School sport is dead. And once-thriving clubs in black townships throughout the country have been squeezed out of existence by the new, ‘united’ controllers of the game. To speak of transformation is stretching the truth. Rugby in South Africa has NOT been transformed. What has happened is that the small groups of black players who have made it to the highest levels of the game, for which they should be praised for their talent and tenacity, have been ASSIMILATED in what has been described by officials, without a hint of irony, into a ‘Springbok culture’. And this ‘Springbok culture’ is essentially a white Afrikaner, and suspiciously, a pre-1994 culture, give or take a tweak or two.

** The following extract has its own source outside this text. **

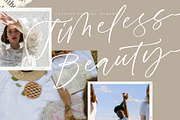 Daylight Beauty, a Handwritten Font by operatype.co (Thumbnail 9 of 15)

This question has never been forcefully asked or adequately explained: ‘Why would anyone – black or white – want to be part of this culture? For to be part of it would mean having to revere apartheid rugby heroes of the past, or to celebrate the anniversaries of ‘great victories’ over old rivals in the era of apartheid and segregation.
Consider this: Apartheid sport was brought to its knees by brave South Africans who risked their lives by working to isolate those sporting codes that connived with the SA government and its allies overseas in order to keep international doors open. These anti-apartheid activists were helped by committed men and women overseas who put pressure on their own governments to shut the doors to South Africa’s international participation. Today, nothing gets mentioned about the efforts of, for example, the Halt All Racist Tours (Hart) organisation who fought hard, long and innovatively to keep racist rugby teams out of New Zealand.
If Kolisi wishes to make a meaningful contribution to opening doors for the participation of all in the townships, it should be as an activist. A member of the Western Cape-based Stormers, he should be highlighting the dire conditions of sport in the townships. It’s all very well speaking about unity of purpose by a group of players living out of suitcases in hotel rooms in Japan.
But much more than that is needed. Perhaps he should consider the words of Megan Rapinoe, the captain of the United States’ women’s football team.
“As I’ve grown older, I’ve really got to understand how powerful one voice can be, my voice can be, or the team’s voice can be,’ Rapinoe said. “So, to hold that back or not to use that just seems selfish in a way.”
And what about the example set by Colin Kaepernick, the American Football star, who took a stand against police brutality against black people by kneeling during the playing of the US national anthem before a game?
“This stand wasn’t because I feel like I’m being put down in any kind of way. This is because I’m seeing things happen to people who don’t have a voice, people who don’t have a platform to talk and have their voices heard and affect change,” he said. “So, I’m in the position where I can do that, and I’m going to do that for people who can’t.”
As a World Cup-winning captain, Kolisi has become greatly influential. There’s a lot he can do. For a start, he should be naming and shaming the three arms of governments, who by persisting with policies that continue to nourish apartheid spatial planning, are denying thousands of township boys and girls the opportunity to reach their full potential in sport. And then, there’s the question about the status of the Springboks. This is the type of activism that is needed from South Africa’s sporting heroes.